On Thursday November 22, station officer John Winnard was recognised for 30 years of service with HM Coastguard.

Speaking at a special family-friendly reception at Tarbert Coastguard Station, 57-year-old John said: ‘Over the years there have been plenty of ups and downs – but a lot of craic as well.’

An Islay man and engineer to trade, John spent many years at the Ardpatrick Station as station officer, but joined Tarbert in 2016 when Ardpatrick closed. Christine, his wife of 31 years, also spent 11 years with the Coastguard and herself received a valedictory certificate.

It has played a large part in their lives and John acknowledged: ‘It’s a family thing.
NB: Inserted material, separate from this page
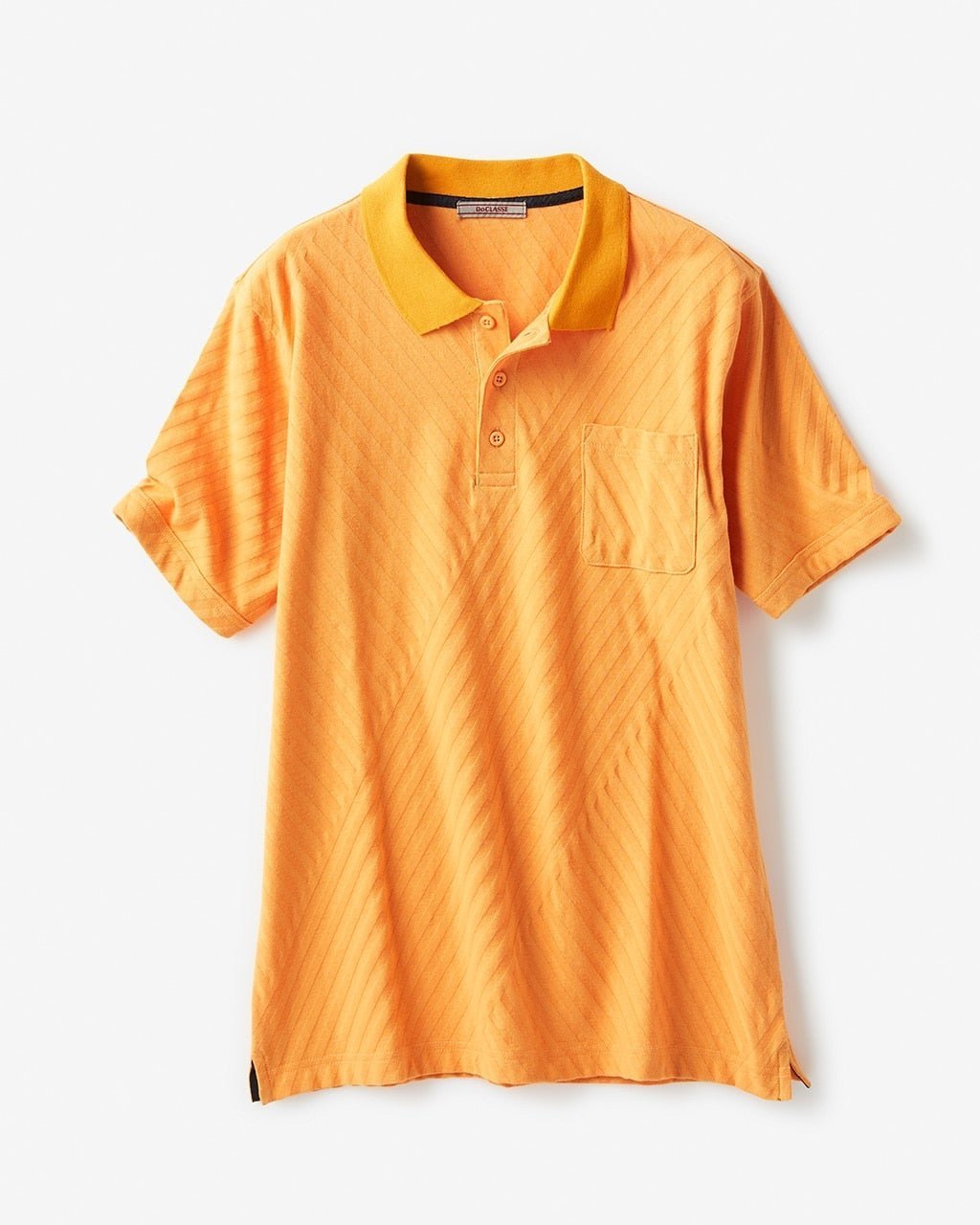 【ドゥクラッセ/DoCLASSE / MEN】のバイヤスリンクス編ポロ インテリア・キッズ・メンズ・レディースファッション・服の通販 founy(ファニー) 　ファッション　Fashion　メンズファッション　Fashion for Men　トップス・カットソー　Cut & Sew Tops　メンズシャツ　Shirts　ポロシャツ / きれいめカジュアルスタイル　Polo Shirts　カットソー　Cut and Sewn Top　ストライプ　Stripe, Striped Pattern　バイアス　Bias, Diagonal Cut　メンズ　Men's, Menswear　エレガント 上品　Elegant　夏　Summer　オレンジ|ID: prp329100004684917 ipo3291000000033832923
When you get a shout, it doesn’t just affect you but the whole family.’

Apologising for being unable to attend the evening, HM Coastguard area commander Jonathan Hart sent a message praising John’s ‘calm, considered and authorotative approach’ in responding to a wide range of incidents over the years, adding he had ‘demonstrated the very highest standards of HM Coastguard leadership’.

Kathrine Duffin, senior coastal operations officer, added: ‘I want to add my own massive thanks to John and Christine. John has been steadfast and a  great leader of the team over the past three years I have been here and through challenging times.’

There have been lighter moments. John recalled attending a shout at a caravan site one evening where there was a report of flashing lights being seen out at sea. The man reporting the incident told the Coastguard volunteers: ‘There were nine flashes altogether and it was the same last night.’

It was a navigation beacon.

Asked what had changed over the years, John replied: ‘We carry out a far wider range of tasks than we used to, liaising closely with Police Scotland and the Scottish Fire and Rescue Service.

‘We train and train and when the shout goes up, the professionalism shines through.’